-- Recorded data --
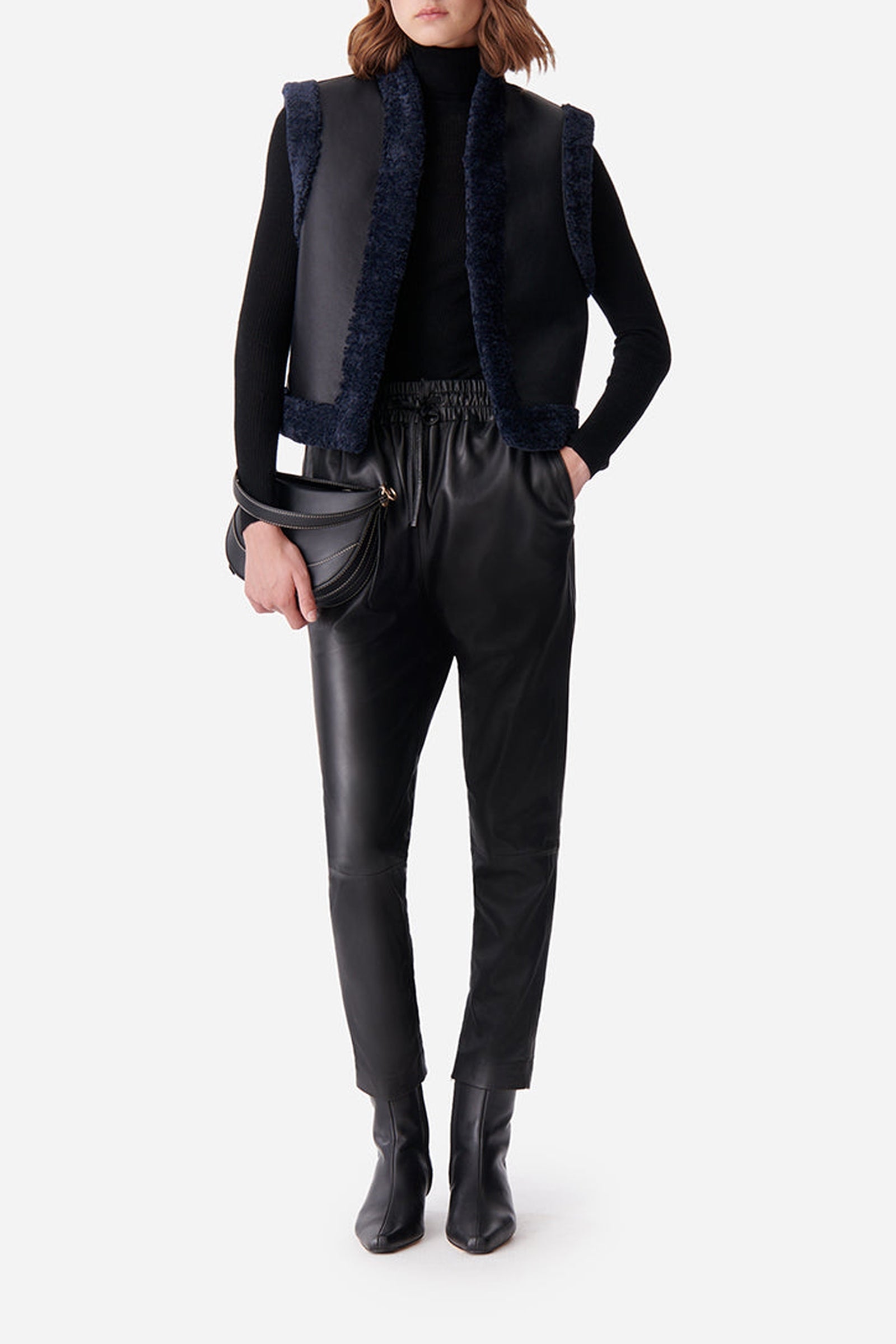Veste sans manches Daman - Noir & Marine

* * *

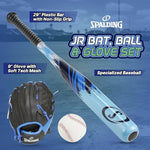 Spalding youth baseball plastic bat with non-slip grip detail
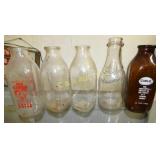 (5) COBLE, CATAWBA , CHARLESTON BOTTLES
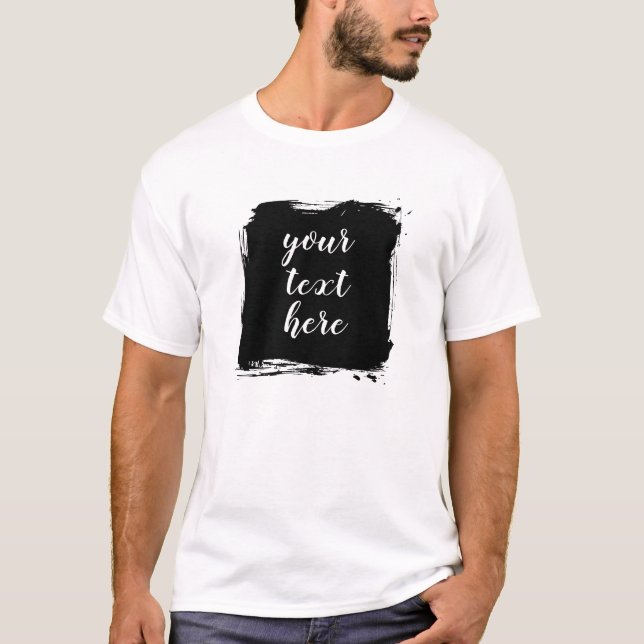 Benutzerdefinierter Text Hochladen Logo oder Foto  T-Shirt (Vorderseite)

* * *

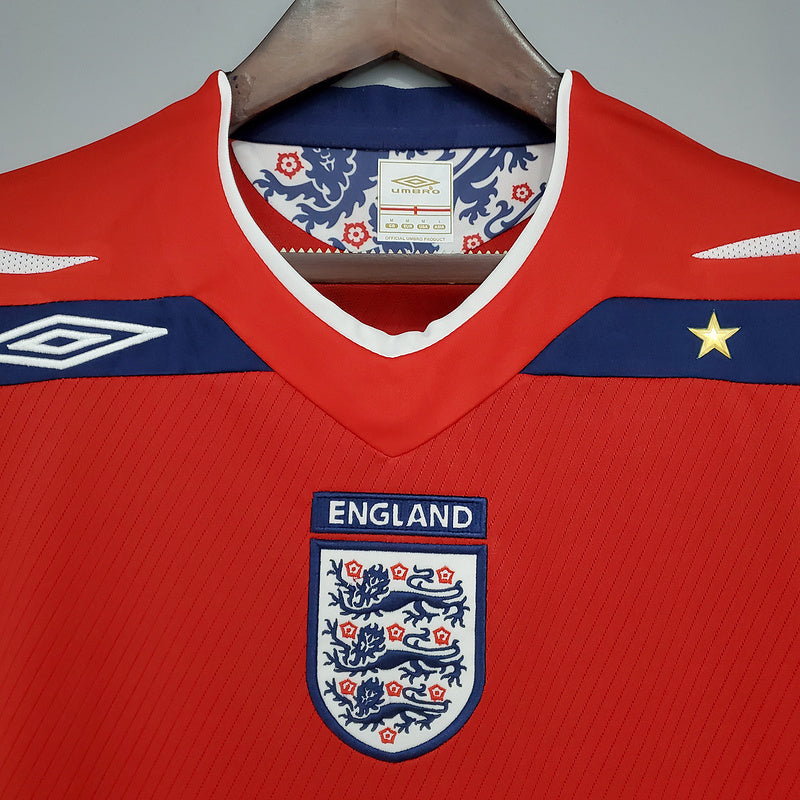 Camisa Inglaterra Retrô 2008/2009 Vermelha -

-- Work order --
With the pictures removed, print only the lines starting at the line that has "(5) COBLE, CATAWBA , CHARLESTON BOTTLES" and ending at the line that has "Benutzerdefinierter Text Hochladen", both ends included, exactly as they stand above.

-- Result below --
 (5) COBLE, CATAWBA , CHARLESTON BOTTLES
 Benutzerdefinierter Text Hochladen Logo oder Foto  T-Shirt (Vorderseite)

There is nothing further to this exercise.